Rabu, 07 Oktober 2009

Organisasi guru independen yang mensejahterakan, perlukah?



Dipublikasi pada Tuesdaydi www. depsos.go.id, 27 May 2008

Oleh : Nur Adi Setyo


Ada rekan saya yang mengajar di sebuah sekolah swasta, sejak ia direkrut yayasan sekolahnya ia tidak pernah disodori kontrak kerja, tidak ada alasan jelas mengapa yayasannya tidak memberikan surat kontrak kerja yang seharusnya menjadi landasan kerja, hak serta kewajibannya.

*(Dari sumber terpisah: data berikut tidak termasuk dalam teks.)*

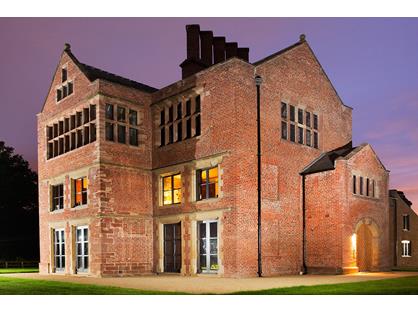 2 Bed Flat, Bewsey Old Hall, WA5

Hingga saat ini, setelah memasuki tahun ketiga ia mengajar, kontrak itupun tak kunjung datang, pihak yayasan selalu mengedepankan tentang pentingnya keikhlasan, dedikasi, loyalitas dan tetek bengeknya sebagai konsekwensi dari kewajiban-kewajibannya sebagai seorang guru.

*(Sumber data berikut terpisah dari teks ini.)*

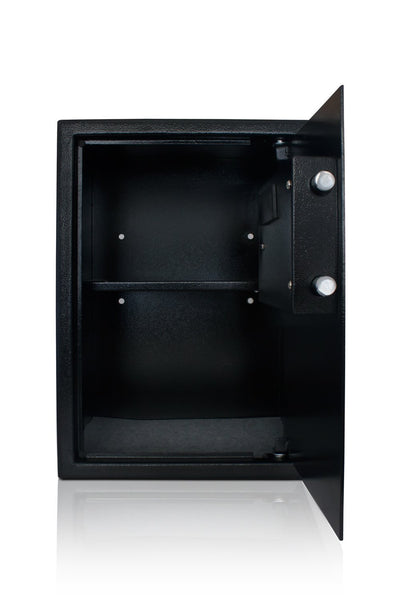 Caja de Seguridad modelo Office - Medida exterior: 50 cm x 35 cm x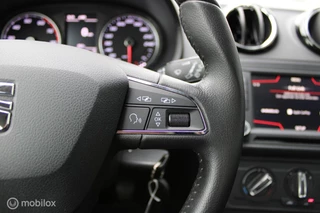SEAT Ibiza Seat Ibiza 1.0 EcoTSI Style APPLE CARPLAY TREKHAAK AIRCO - afbeelding nr 17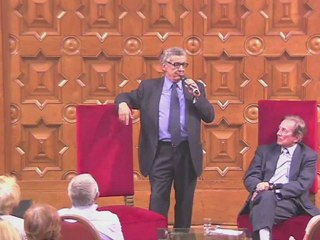 Antoine Sfeir et Jean-François Matteï 27/03/2012 2/2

Namun untuk urusan yang menyangkut hak-hak guru, jawaban selalu dibenturkan kepada tidak adanya dana yayasan yang mencukupi, bahkan Pada tahun ajaran baru tiba-tiba rekan saya tidak mendapatkan jadwal mengajar lagi, dan dipaksa ,membuat surat pengunduran diri!

Rekan saya yang lain, si B saat mengajar disekolah unggulan yang biaya masuk siswanya mencapai delapan jutaan dan SPP nya Rp 300. ribu perbulan, hanya memberikan gaji setengah dari UMK. Sedangkan kontrak kerja hanya berlaku satu tahun saja. Yang lebih aneh jika si B cuti (melahirkan) maka gajinya dipotong untuk membayar guru yang menggantikanya. Setelah si B ini meminta penjelasan, akhirnya dipecat juga…..

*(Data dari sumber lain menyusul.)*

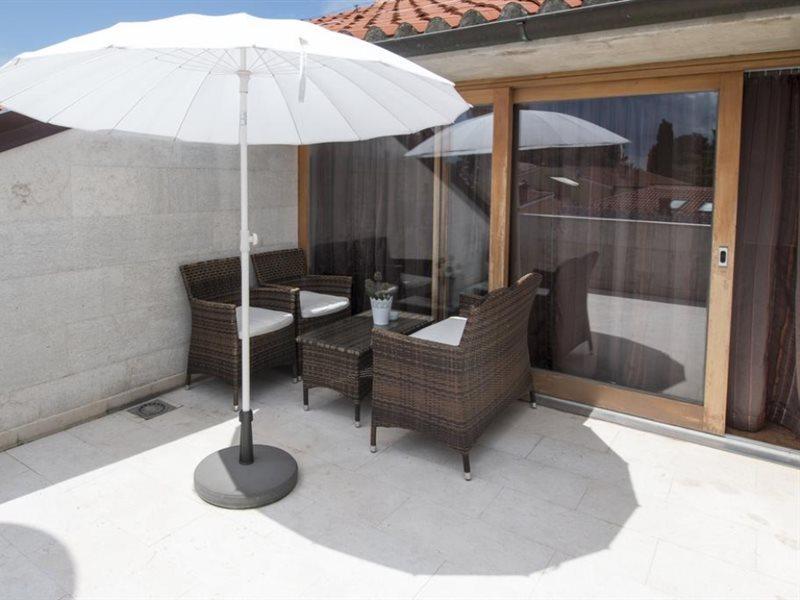 Hotel Cittar Novigrad  Exterior photo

Rekan saya satu lagi menjadi anggota sebuah organisasi guru sudah tiga tahun, tetapi tidak pernah mendapatkan advokasi apapun, jikapun ia mengadu tidak tahu caranya dan sudah takut lebih dahulu, alasannya ia hanya guru swasta. Sedangkan organisasi itu konon katanya hanya milik guru yang memiliki NIP saja.

Dalam seminar dan lokakarya nasional yang diadakan oleh Federasi Guru Independen Indonesia (FGII) di Jakarta, Sabtu (24/5), hampir semua utusan dari daerah-daerah di Indonesia mengeluhkan minimnya pemenuhan hak-hak guru serta kurangnya perhatian terhadap kesejahteraan guru, baik guru negeri apalagi guru swasta.

Membangun kesadaran.

Sebagai sebuah profesi, sudah selayaknya jika guru dapat berhimpun bersama dalam sebuah wadah organisasi profesi sebagaimana yang diamanatkan dalam undang-undang dasar 1945.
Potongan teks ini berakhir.